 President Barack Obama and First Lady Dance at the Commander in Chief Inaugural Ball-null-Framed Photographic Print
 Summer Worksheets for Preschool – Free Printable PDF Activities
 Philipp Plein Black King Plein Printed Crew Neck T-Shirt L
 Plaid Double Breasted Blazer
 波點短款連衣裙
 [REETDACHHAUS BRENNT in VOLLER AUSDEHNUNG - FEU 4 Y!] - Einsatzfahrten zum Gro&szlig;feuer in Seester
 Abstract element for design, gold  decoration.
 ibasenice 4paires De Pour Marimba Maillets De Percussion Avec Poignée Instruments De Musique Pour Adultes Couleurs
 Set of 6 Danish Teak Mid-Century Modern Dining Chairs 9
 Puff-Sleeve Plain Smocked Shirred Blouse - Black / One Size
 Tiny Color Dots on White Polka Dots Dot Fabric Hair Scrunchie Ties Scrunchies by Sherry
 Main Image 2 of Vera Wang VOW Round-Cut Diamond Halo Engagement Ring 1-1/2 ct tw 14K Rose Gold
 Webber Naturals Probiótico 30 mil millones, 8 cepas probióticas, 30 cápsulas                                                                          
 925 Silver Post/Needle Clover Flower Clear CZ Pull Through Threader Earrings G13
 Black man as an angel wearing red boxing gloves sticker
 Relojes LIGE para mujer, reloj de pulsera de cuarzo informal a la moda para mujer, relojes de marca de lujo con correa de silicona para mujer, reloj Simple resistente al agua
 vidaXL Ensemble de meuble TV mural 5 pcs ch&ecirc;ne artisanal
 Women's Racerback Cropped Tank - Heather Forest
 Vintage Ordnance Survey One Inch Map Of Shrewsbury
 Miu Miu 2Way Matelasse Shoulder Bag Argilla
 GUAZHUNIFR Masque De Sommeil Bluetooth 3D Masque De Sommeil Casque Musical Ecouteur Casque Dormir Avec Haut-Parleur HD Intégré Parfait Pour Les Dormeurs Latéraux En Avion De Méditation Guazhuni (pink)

# # # #

# [Your instructions]
Within the records above, determine how many lines contain the word "Avec". Respond with that number and no other text.

# [Result of this exercise]
2